Data section -
========

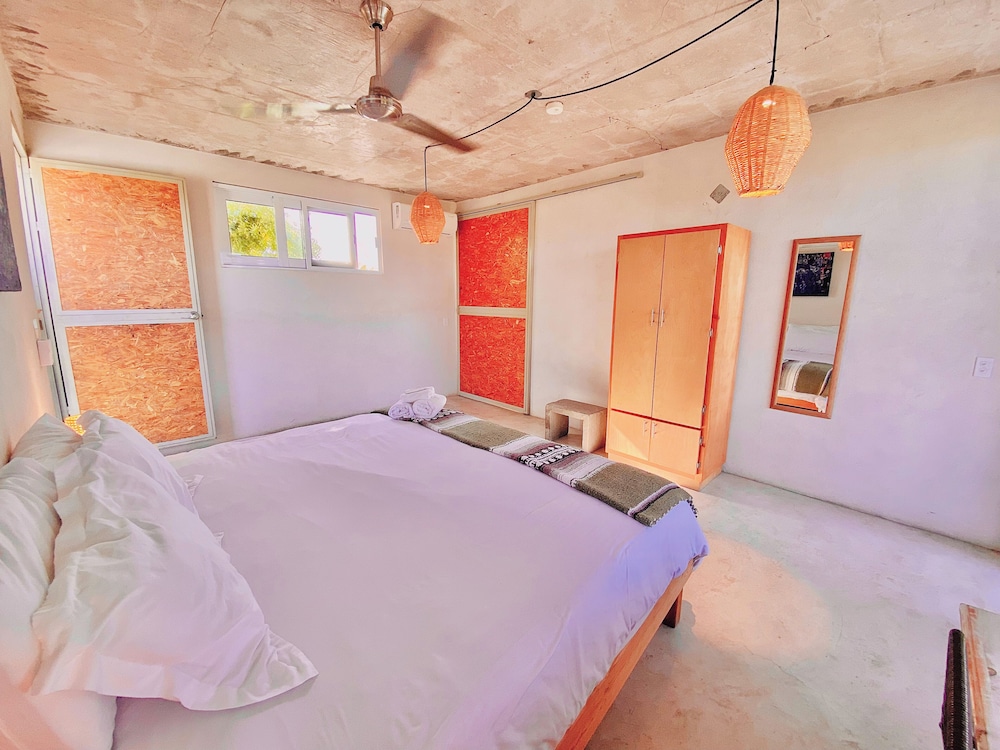 Perro Surfero Hotel Boutique - Todos Santos, BCS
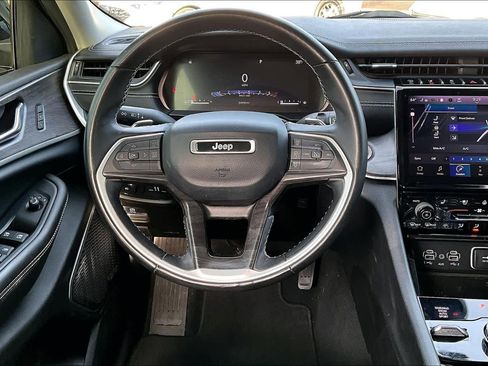 Used 2022 Jeep Grand Cherokee L Limited w/ Luxury Tech Group II image 5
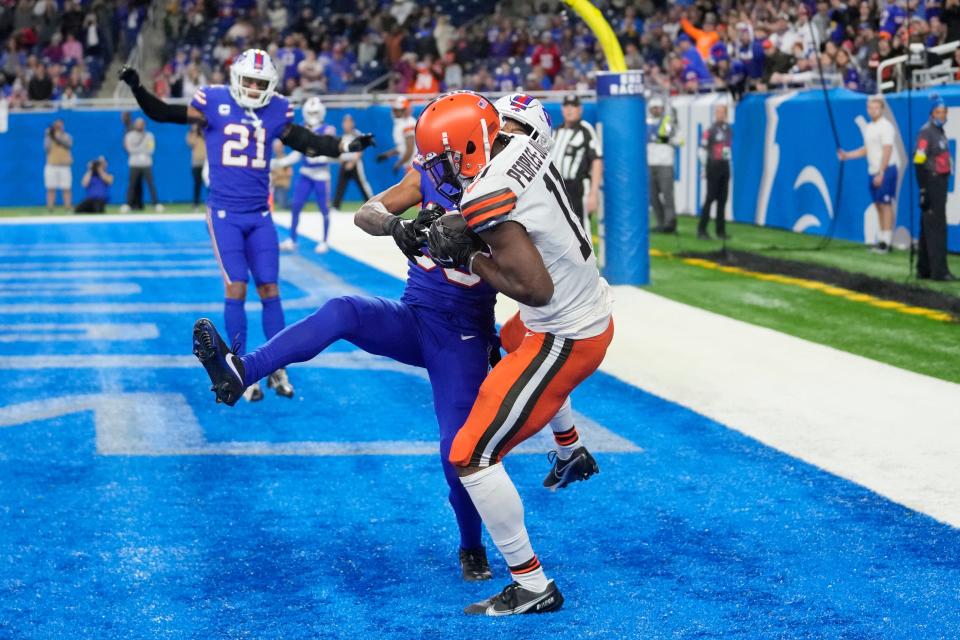 Cleveland Browns wide receiver Donovan Peoples-Jones (11), defended by Buffalo Bills cornerback Dane Jackson (30), catches a 2-yard pass for a touchdown during the second half of an NFL football game, Sunday, Nov. 20, 2022, in Detroit. (AP Photo/Paul Sancya)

========

Hand back the data above exactly, leaving out all pictures.

Exercise response -
 Perro Surfero Hotel Boutique - Todos Santos, BCS
 Used 2022 Jeep Grand Cherokee L Limited w/ Luxury Tech Group II image 5
 Cleveland Browns wide receiver Donovan Peoples-Jones (11), defended by Buffalo Bills cornerback Dane Jackson (30), catches a 2-yard pass for a touchdown during the second half of an NFL football game, Sunday, Nov. 20, 2022, in Detroit. (AP Photo/Paul Sancya)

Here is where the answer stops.